[ABOUT THIS EXERCISE] Copy exactly the line that contains "[AME]Unicompartmental Knee Arthroplasty" plus all remaining lines of the data, and leave out every line before it.

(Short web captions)
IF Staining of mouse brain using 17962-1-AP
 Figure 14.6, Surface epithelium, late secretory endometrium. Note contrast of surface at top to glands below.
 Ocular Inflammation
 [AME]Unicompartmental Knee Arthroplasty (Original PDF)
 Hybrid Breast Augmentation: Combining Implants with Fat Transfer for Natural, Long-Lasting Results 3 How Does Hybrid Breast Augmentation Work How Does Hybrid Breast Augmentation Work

[YOUR SOLUTION]
 [AME]Unicompartmental Knee Arthroplasty (Original PDF)
 Hybrid Breast Augmentation: Combining Implants with Fat Transfer for Natural, Long-Lasting Results 3 How Does Hybrid Breast Augmentation Work How Does Hybrid Breast Augmentation Work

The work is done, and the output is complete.